His study claims that Massalia (Marseilles), founded unambiguously by Greeks (and which prior to the Romans was a bustling trading centre owing to it's location on the coast, and the rivers allowing goods to be transported inland), became a centre for the spread of viticulture among the tribes of Gaul.

He rests the theory on the notion that (i) Massalia survived because Greeks arrived and integrated themselves into the area (thereby introducing Greek ideas and tastes) and (ii) that evidence of amphorae found in Celtic sites indicate that there was a wine trade quite some time prior Roman domination of Gaul.

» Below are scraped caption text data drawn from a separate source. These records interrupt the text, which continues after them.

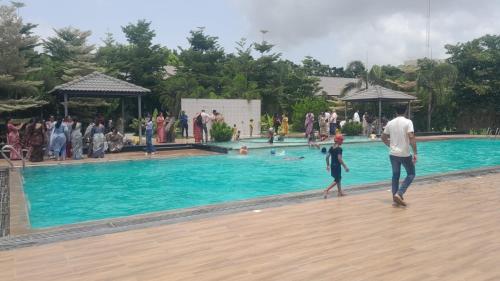 kammeta greens resort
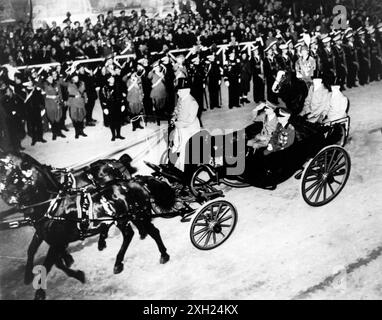 Anni' 40 Roma Archivio storico Olycom/LaPresse Vittorio Emanuele III di Savoia (Vittorio Emanuele Ferdinando Maria Gennaro di Savoia; Napoli, 11 novembre 1869 - Alessandria d'Egitto, 28 dicembre 1947) è stato re d'Italia (dal 1900 al 1946), Imperatore d'Etiopia (dal 1936 al 1943), primo Maresciallo dell'Impero (dal 4 aprile 1938) e Re d'Albania (dal 1939 al 1943). Abdicò il 9 maggio 1946 e gli succedette il figlio Umberto II nella foto: Vittorio Emanuele III con Adolf Hitler a Roma nella foto: Vittorio Emanuele III con Adolf Hitler a Roma crediti: LaPresse/Alamy Live News Foto Stock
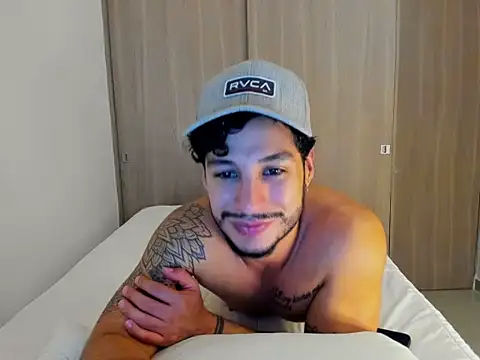 Sirs papi online show from December 2025 05:01:01 AM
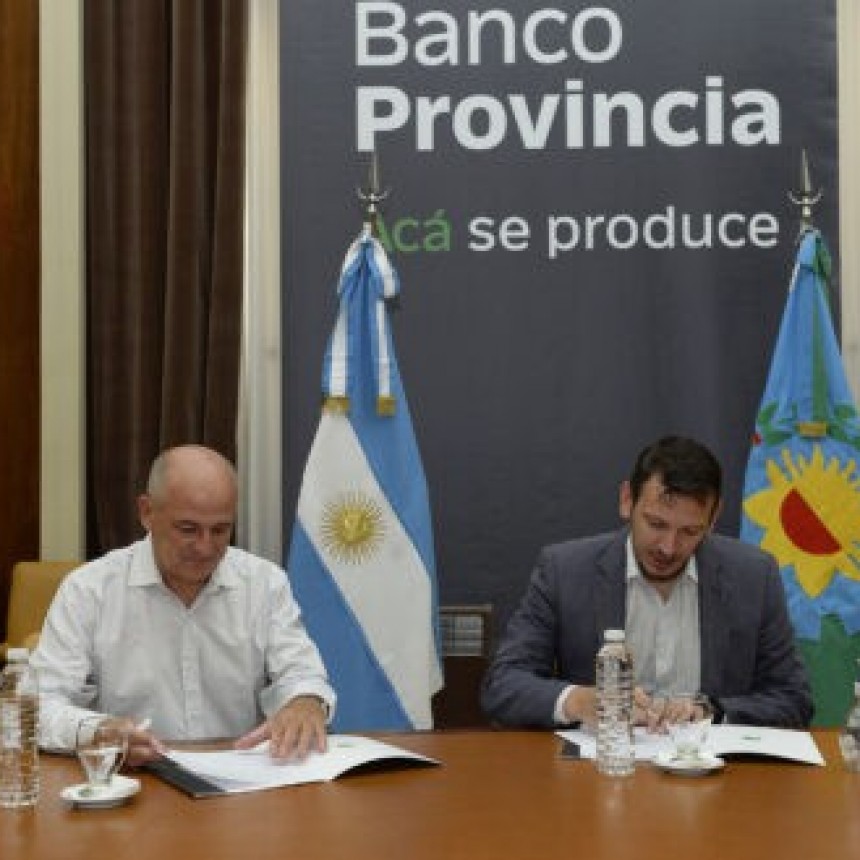 La municipalidad firm&oacute; convenio con Banco Provincia para adquirir importante maquinaria 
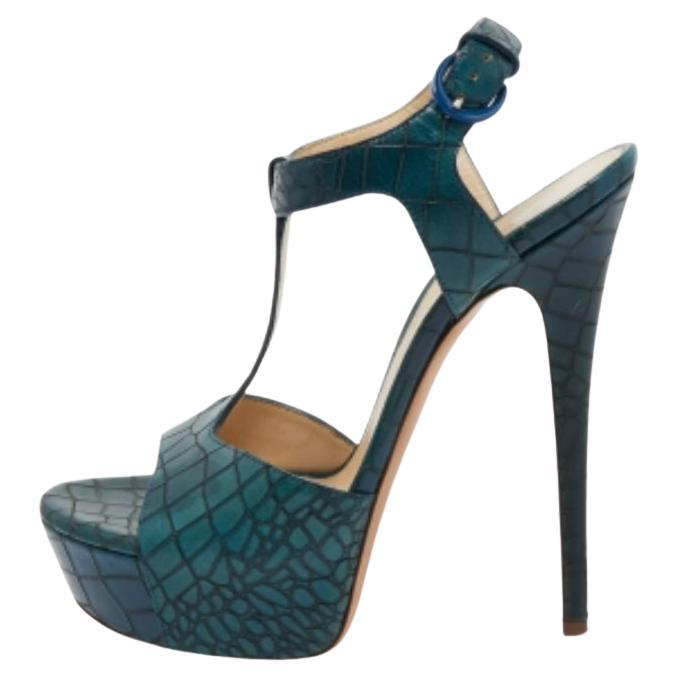 Casadei Sandales à plateforme en cuir gaufré vert Taille 38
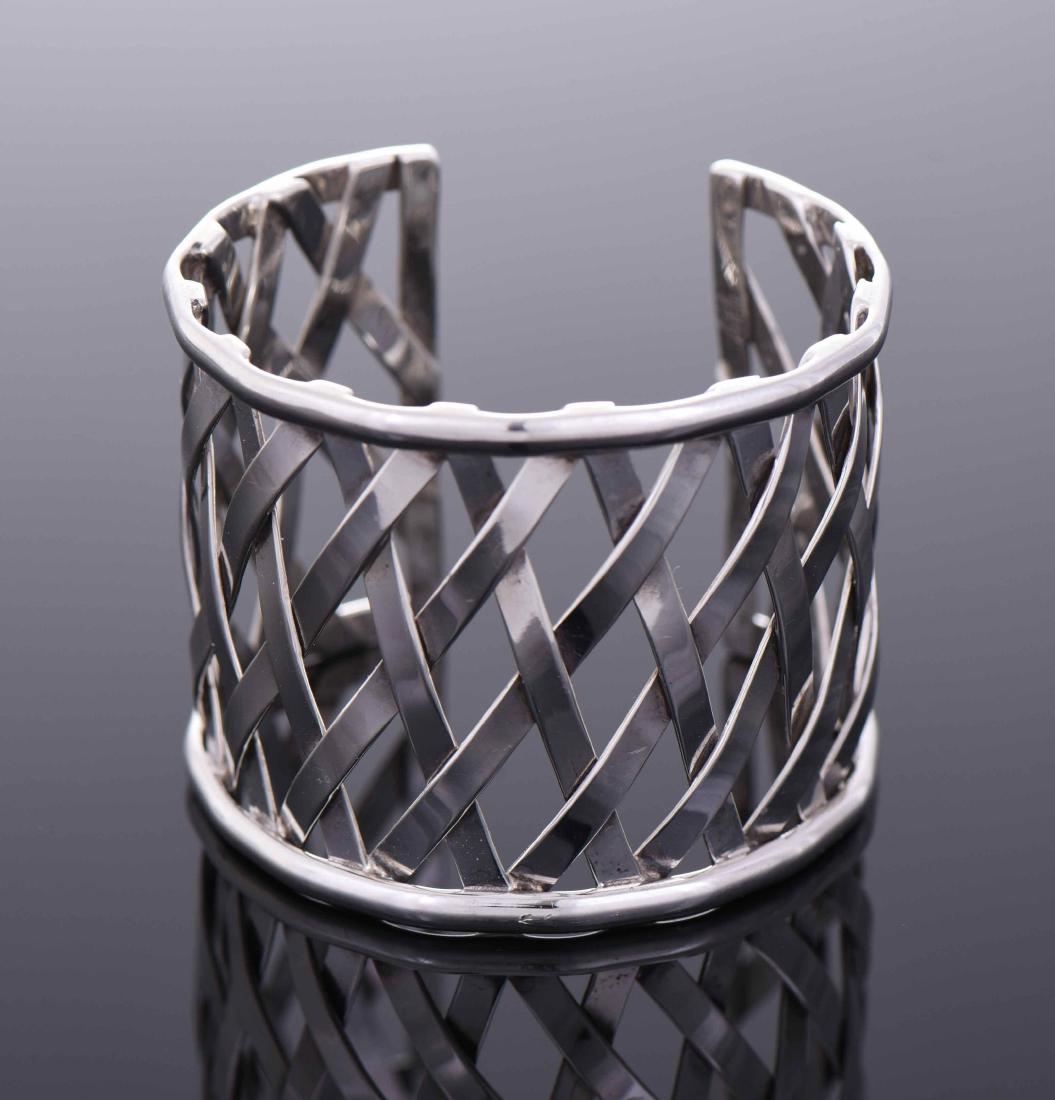 Large Sterling Silver crisscross pattern cuff (1 of 6)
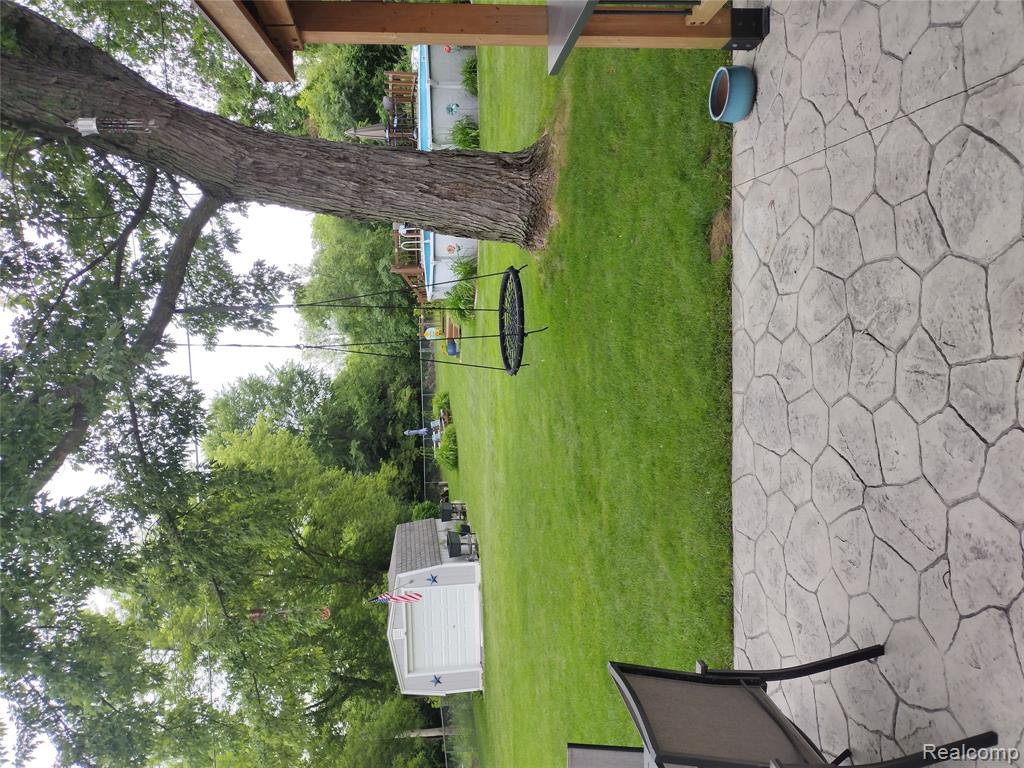 675 Montana Street, Marysville, MI 48040 — Photo 6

Seems all quite plausible to me that it was the Greeks what did it because the foundation of Massalia certainly pre-dates Roman expansion into Gaul and provides more evidence than the notion that the Etruscans introduced wine to the area.

The Telegraph article also mentions that Cartledge is currently involved in a revision of what constituted "Ancient Greece", with the belief that it covered a huge geographical area, from Spain to Georgia, which is much greater than how it is usually considered as covering roughly the same area as Modern Greece. Establishing the Greeks as a major influence in bringing wine to the Gauls seems to be a facet of this. This partly explains why this is all being treated as entirely new - Cartledge has a new book! (although I doubt it's his fault).

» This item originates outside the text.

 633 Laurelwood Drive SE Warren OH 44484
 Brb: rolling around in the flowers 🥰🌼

There is no doubt that Roman expansion certainly increased the spread of viticulture (and the availability of wine) in Gaul, but it's rather fascinating to think that initially it game from Greece through Massalia, although it certainly makes sense considering the period in which Massalia was founded (around 600 B.C.E - well before Roman expansion into the area), and that Greeks, who drunk wine, were the ones that settled there.

If the Greeks did bring wine to Gaul, then I suppose they should receive the blame for all the drunken Gauls marauding around the country drinking undiluted wine and selling people into slavery for a single amphora. The Cambridge news story adds the funny titbit that:

"Travelling up the river might even have constituted the original booze cruise"

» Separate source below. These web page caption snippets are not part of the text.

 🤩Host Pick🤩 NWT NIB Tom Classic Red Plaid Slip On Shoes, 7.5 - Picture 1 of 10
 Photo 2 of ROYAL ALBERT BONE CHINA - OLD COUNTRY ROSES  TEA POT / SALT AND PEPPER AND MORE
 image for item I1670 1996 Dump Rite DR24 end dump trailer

which suggests the pretty funny image of a load of smelly barbarian Gauls shouting at nearby women as their wine laden boats floated along the river.

The idea that Greece covered a much larger area than people assume, also seems to me a pretty sound one. "Greece" was not a nation as we conceive it, but rather a people linked by language. Greece was a "nation" of individual city-states, and so the notion of "Greece" as a geographical expression does not really work. The upshot is that essentially this expression "Ancient Greece" to mean some kind of nation, means that any place in which "Greeks" (i.e. Greek speakers) were could be considered "Greece".

So then, we can blame the Greeks for wine sodden Gauls, but also thank them for wonderful modern French wine. Balances out, I think.

Friday, October 9, 2009

In Vino Veritas.

Was it that unusual for a Roman transport ship, in the 1st or 2nd century A.D, to be carrying French wine? I think probably not.

Despite that, there has been a fair bit of news coverage recently regarding the fact that a Roman shipwreck found off the Cypriot coast was carrying some wine amphorae from the South of France.

Many of the news stories (samples here and here) have "French Wine Found in Roman Shipwreck" blazoned across their tops, but then there is very little comment on the wine at all after that. It seems a bit curious to me. My immediate thoughts are that it sounds a bit newsworthy, as in: "Romans drinking FRENCH wine!?!? are you kiddin'!?", while in actual fact it is not especially extraordinary at all.

Following the explosion of Roman viticulture after her pacification of the Italian peninsula, wine was widely available in Rome, and following the establishment of trade routes through Gaul it became one of the hottest exports (Diodorus has the story of Gauls selling their own people into slavery in exchange for wine and then drinking it undiluted like true barbarians).

As Roman culture made it's influence known, the provinces started to produce their own wine, and this was often imported to Rome (economics made it cheaper to export desirable Roman wine and demand ensured that French or Spanish vintages would be imported - especially following Domitian's edict of 92 C.E which curbed the planting of new vineyards in Italy). The upshot of this is that by the 1st and 2nd centuries A.D, it would not be all that unusual for Roman trade vessels to be transporting French wine.

Why these news reports are treating Roman importation of French wine as a new discovery is confusing, although one suspects it's because it'll make a newsworthy article for many freelance writers in need of a submission (maybe I'm being cynical).

There is maybe an element of wishful thinking that French (or Gaulish) culture had conquered Rome (echoing Horace's famous line about Captive Greece taking her rude captor captive), but that's not especially true and quite misleading.